Summing up, this work highlights an important debate on gender parity that requires further elaboration. Through this work, the authors challenge the notion of women as passive actors in war crimes. The proportion of ‘gender’ violence between men and women is nearly parallel. However, women’s agency as primary criminals has been covered up by gendered notions, preserving archetypal images of women as victims and men as perpetrators. Thus, this work argues that women are equally capable of committing war crimes and other terrible atrocities, including enslavement, rape, mass-murder, genocide, and ethnic cleansing.

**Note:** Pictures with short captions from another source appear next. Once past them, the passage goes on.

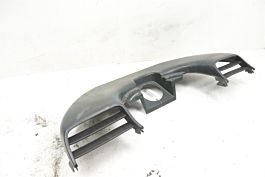 CAN-AM TRAXTER MAX CVT 650 05 FENDER COVER REAR (GREEN) 705000831 48060
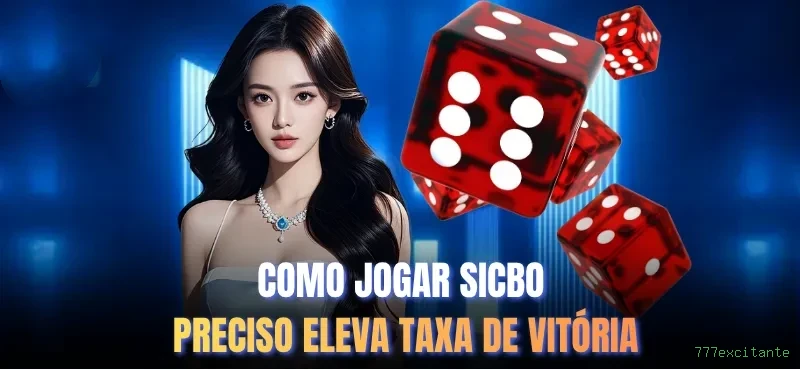 Roleta ao vivo Evolution Gaming com múltiplas câmeras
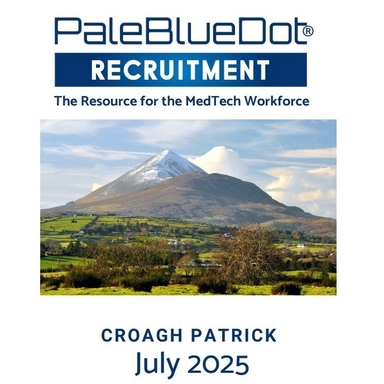 Page Logo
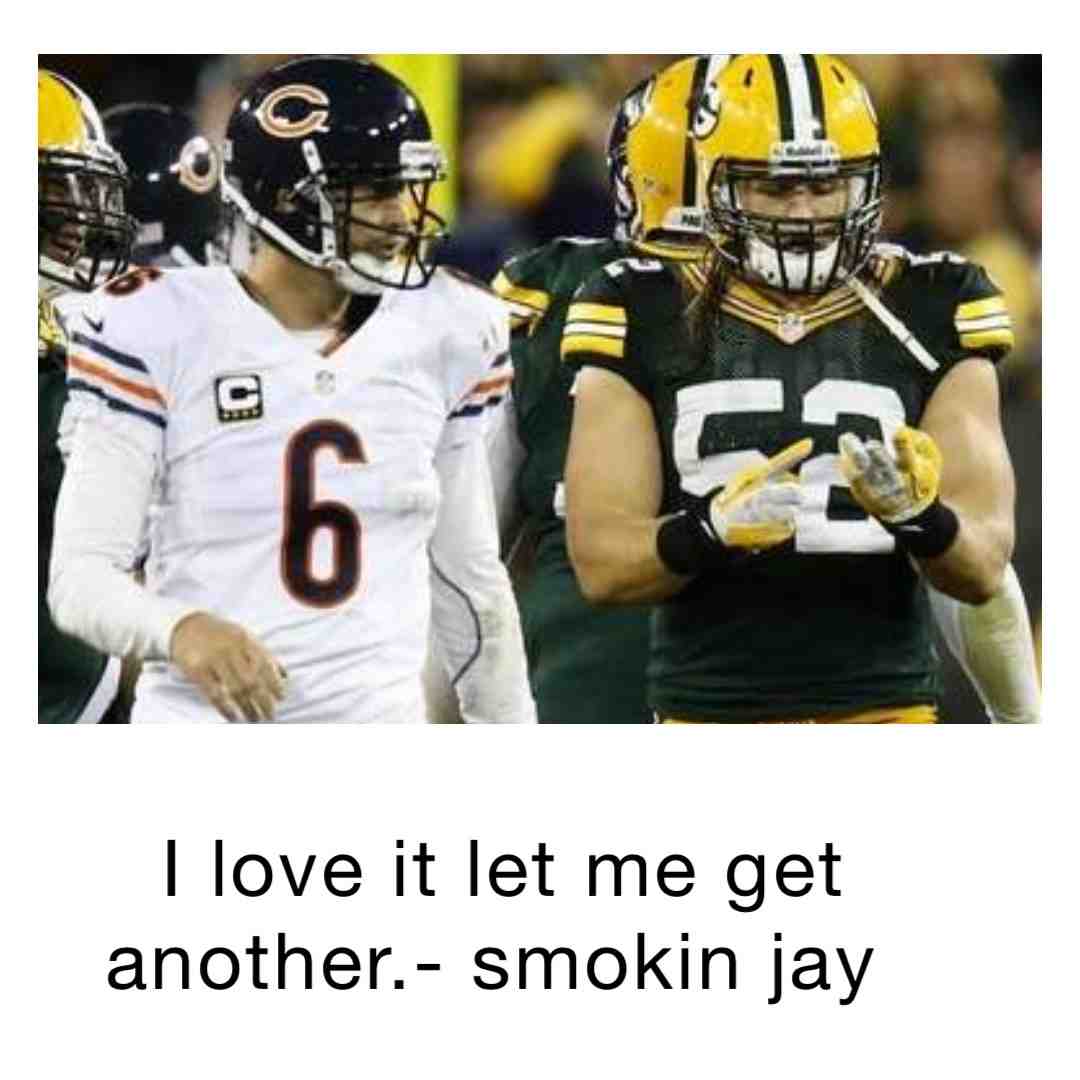 Meme shared by @rsuttontech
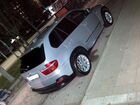 BMW X5 3.0 AT, 2008, 200 000 км объявление продам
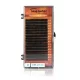 Long Lashes Extreme Volume Selyem D/0,05-11mm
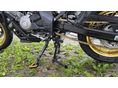 SUZUKI DL 650 2017/5 - 9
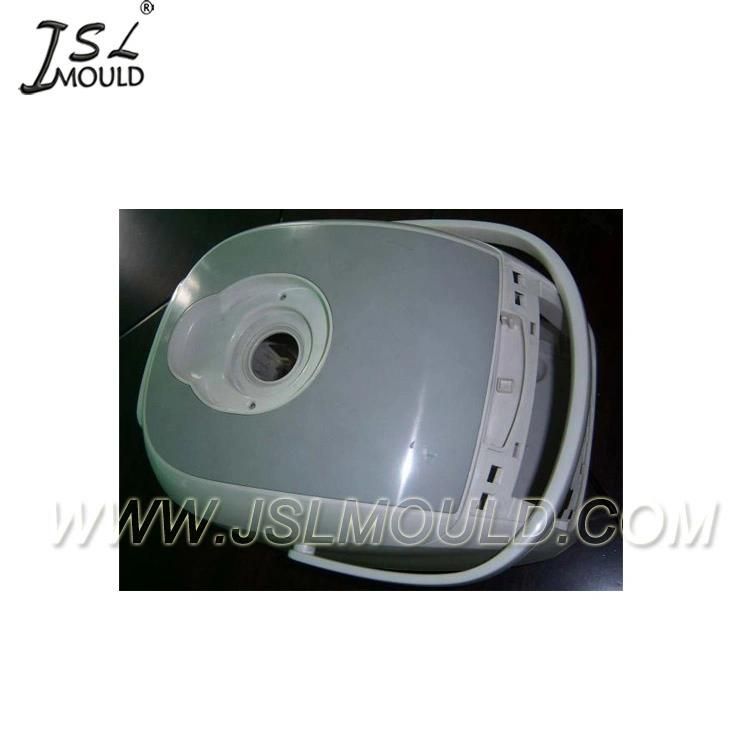 Plastic Rice Cooker Parts Mold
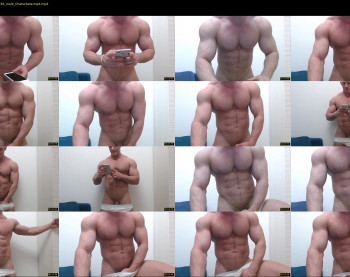 andry_dick
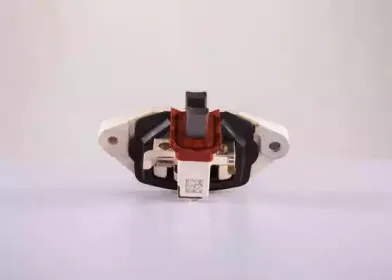 bosch-1197311032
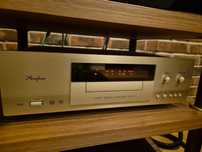 Accuphase DP-78 – odtwarzacz CD/SACD High-End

Three of the four war criminals broke international law and defended themselves, taking the advantage of leadership and motherhood, womanhood, and nationhood. These women knew what they were doing and acted with strong conviction and dedication, yet they blamed their male co-perpetrators and intentionally utilized gender strategies to lessen their sentences. The authors argue that despite being constrained by patriarchal and male-dominated institutions, women do effectuate violence and war crimes. Concerning the limitations of this book, the comparative analysis between female and male war criminals and the gender disparity (in terms of justice) is not well-defined. But overall, this book is high-quality research, especially in terms of the presentation of legal cases and their detailed framework. It is a useful contribution and could benefit students, researchers, and academicians in international relations and gender studies.